**Task requirements**
Below are the records. Reproduce exactly the lines from the one containing "Kerstversiering van de" through the final line, and omit any pictures.

++++ Exercise input ++++

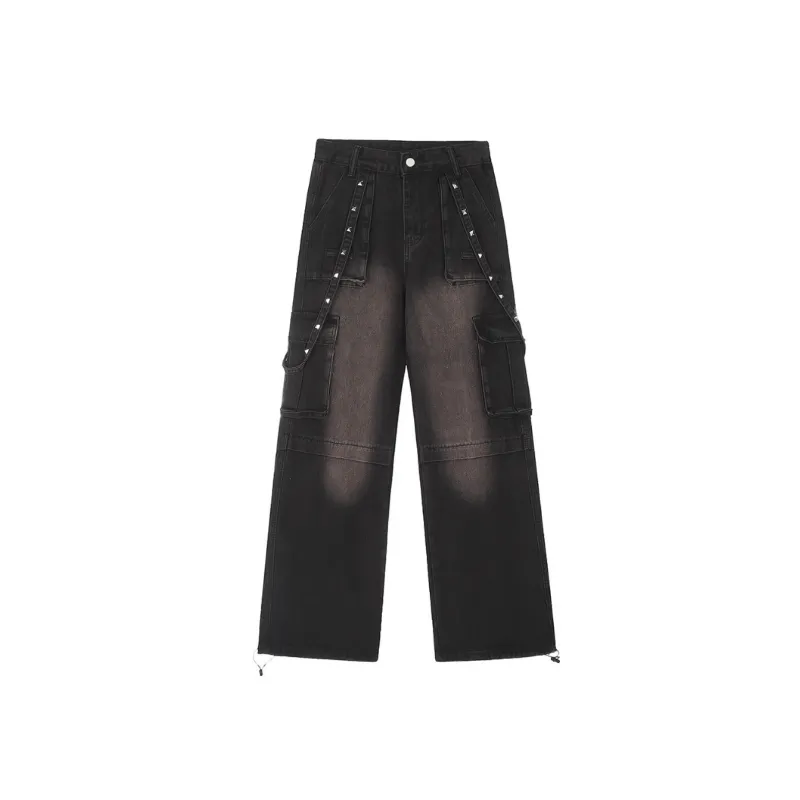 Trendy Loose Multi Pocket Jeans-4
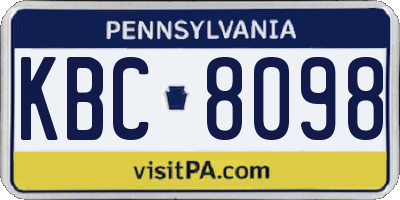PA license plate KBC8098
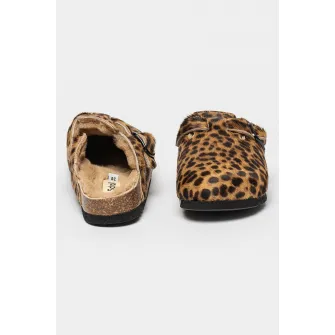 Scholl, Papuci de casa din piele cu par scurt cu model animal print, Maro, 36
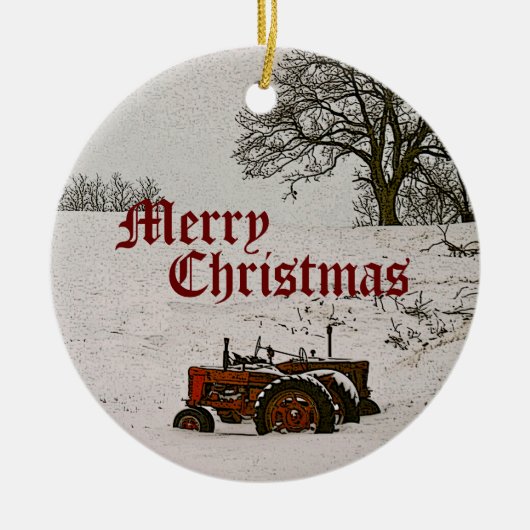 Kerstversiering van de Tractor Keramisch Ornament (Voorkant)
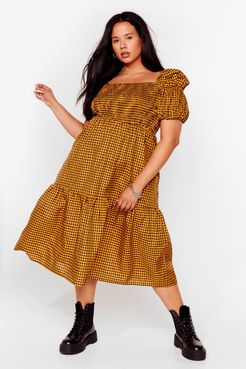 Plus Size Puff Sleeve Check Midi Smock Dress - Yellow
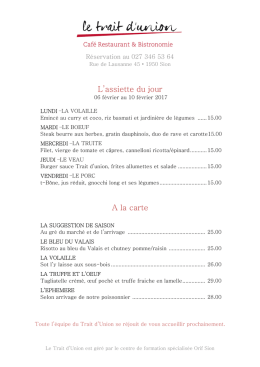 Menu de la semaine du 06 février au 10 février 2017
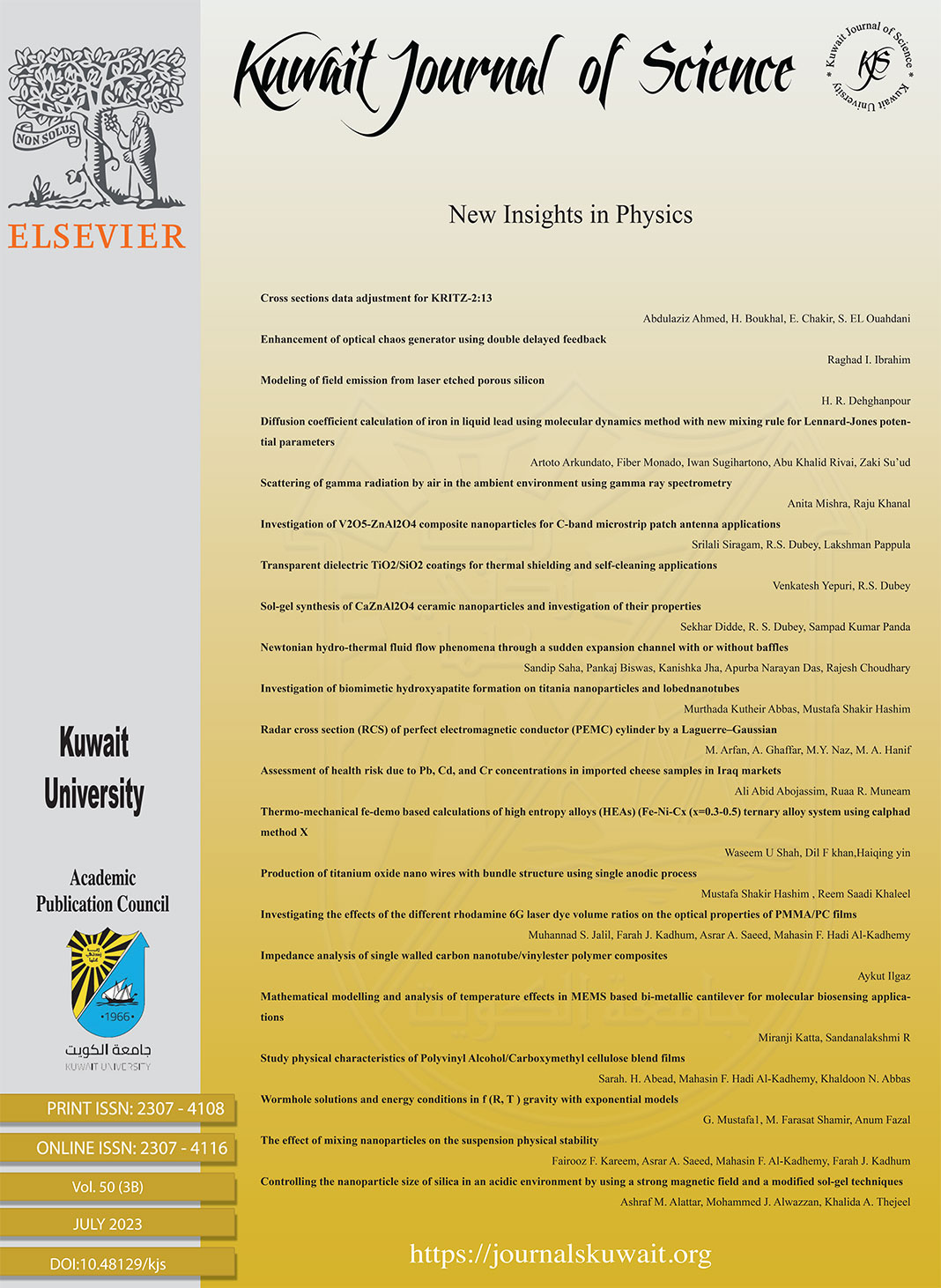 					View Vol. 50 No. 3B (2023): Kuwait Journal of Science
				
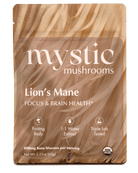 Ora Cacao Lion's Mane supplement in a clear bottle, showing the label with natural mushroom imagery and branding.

++++

**Response to this exercise**
 Kerstversiering van de Tractor Keramisch Ornament (Voorkant)
 Plus Size Puff Sleeve Check Midi Smock Dress - Yellow
 Menu de la semaine du 06 février au 10 février 2017
 					View Vol. 50 No. 3B (2023): Kuwait Journal of Science
				
 Ora Cacao Lion's Mane supplement in a clear bottle, showing the label with natural mushroom imagery and branding.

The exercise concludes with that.